Labels

maandag 21 december 2020

Geestverwanten

 
Max Slevogt, “Parade”, 1913

Van de grote drie was Mulisch voor mij altijd nummer één. Maar nu herlees ik Hermans. Waarom niet?  Helm met vederdos, stukje over Hamsun:

Knut Hamsun, geboren in 1860, had, na jaren zelf honger geleden te hebben, met zijn roman Honger in 1890 onmiddellijk succes.

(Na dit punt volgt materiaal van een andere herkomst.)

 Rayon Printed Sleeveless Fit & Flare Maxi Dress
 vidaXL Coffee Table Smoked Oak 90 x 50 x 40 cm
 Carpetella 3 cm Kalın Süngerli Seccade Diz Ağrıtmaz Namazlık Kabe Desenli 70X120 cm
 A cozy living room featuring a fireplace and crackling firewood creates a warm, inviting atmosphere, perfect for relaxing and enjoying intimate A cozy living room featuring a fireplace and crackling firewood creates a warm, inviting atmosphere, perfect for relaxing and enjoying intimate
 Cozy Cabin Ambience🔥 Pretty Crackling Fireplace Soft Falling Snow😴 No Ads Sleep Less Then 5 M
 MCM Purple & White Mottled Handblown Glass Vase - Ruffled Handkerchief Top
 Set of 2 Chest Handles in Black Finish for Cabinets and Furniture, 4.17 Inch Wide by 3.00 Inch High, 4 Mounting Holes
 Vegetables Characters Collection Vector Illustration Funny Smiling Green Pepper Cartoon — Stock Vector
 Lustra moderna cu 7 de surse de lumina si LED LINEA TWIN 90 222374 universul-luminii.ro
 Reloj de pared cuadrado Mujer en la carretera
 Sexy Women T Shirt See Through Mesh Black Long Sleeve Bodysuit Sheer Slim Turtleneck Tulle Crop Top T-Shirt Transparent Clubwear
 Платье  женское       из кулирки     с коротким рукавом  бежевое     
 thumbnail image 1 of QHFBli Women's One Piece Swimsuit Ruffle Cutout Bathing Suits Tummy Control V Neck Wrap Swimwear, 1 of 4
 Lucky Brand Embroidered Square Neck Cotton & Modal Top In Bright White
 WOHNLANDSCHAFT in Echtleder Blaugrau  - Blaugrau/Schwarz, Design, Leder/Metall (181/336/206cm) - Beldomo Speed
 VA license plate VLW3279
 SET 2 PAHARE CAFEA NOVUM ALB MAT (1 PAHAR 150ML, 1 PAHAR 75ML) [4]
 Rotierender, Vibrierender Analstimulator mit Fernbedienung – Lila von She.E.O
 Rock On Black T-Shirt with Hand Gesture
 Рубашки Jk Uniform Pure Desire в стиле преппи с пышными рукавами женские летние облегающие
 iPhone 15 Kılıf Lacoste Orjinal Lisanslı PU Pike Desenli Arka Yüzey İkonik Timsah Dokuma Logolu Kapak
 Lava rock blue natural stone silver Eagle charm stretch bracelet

De openingszin van zijn essay zit al vol met fouten. Hamsun werd in 1859 geboren, de hongerperiode die hij op autobiografische wijze beschrijft was slechts van korte duur, direct na zijn berooide terugkeer in 1889 uit Amerika, en het succes van Honger was aanvankelijk beperkt. Hermans nam het niet zo nauw, dat deed hij nooit, als gesjeesde professor. Maar Hermans mag dat, omwille van de stijl. Ik strijk over mijn hart. Geamuseerd lees ik door.

Wie is er nog nieuwsgierig naar zijn politieke opvattingen?, zo eindigt hij zijn beschouwing: we kunnen niet eeuwig over de massamoorden van de SS in de kranten blijven schrijven. Tja. Hermans. Ik ben wél nieuwsgierig naar die opvattingen, nog steeds. Na diverse Hamsun-biografieën, die Hermans niet heeft kunnen of willen lezen, zie ik het allemaal wat genuanceerder. Omdat ik altijd heb willen begrijpen hoe een geestverwant tot zulke stellingnames kon komen. Hermans was nooit zo van de nuance, meer van het eeuwige gelijk, voelt ook niet echt een geestverwant. En zo kom ik toch weer bij Mulisch, uiteindelijk, die het beter snapte.